How much are brown cygnets costing you?Gavin Halling
In my last posting I used the term brown cygnets to describe unknown known project risks that, with a good project risk management system, could have been white swans (known unknowns).
So, what drives a good risk management system? The underpinning requirement is having executive support. I recently had a colleague who wrote “I have encountered “experienced” project directors that have said, “don’t tell me how to manage risk, I’ve been doing it for 30 years”. I suspect some readers will have encountered senior managers with similar views.
These managers tend to fall into two camps; those that do not know but would like to know and those that do not know and do not want to know. So, let’s address the former as they are managers who are open to new ideas. The first step is to grab their attention. A major driver for undertaking project risk management is cost and many have no appreciation of how much poor project risk management is costing them.
Finalising any project requires a financial wrap up including a summary of variances with the original budget. Many of these variances will have been risks that became issues that cost money to fix. The question is how many of these risks were foreseeable and if mitigated earlier what costs would have been saved. I initially developed a quick calculator as a bit of fun to test this idea.

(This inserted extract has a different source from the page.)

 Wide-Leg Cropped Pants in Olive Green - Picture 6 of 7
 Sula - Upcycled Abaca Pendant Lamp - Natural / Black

The results using real client data were much larger than I had anticipated so I have made it freely available here.
I accept that the method used may be viewed as a bit rough and ready, but the values are normally sufficiently large to at least support a business case for improving project risk management. This approach can even get those managers who don’t know and do not want to know over the line. That said there will be some who, even with this cost focussed, approach do not support such an initiative. However, in my experience these “dead ducks” are exceptionally rare!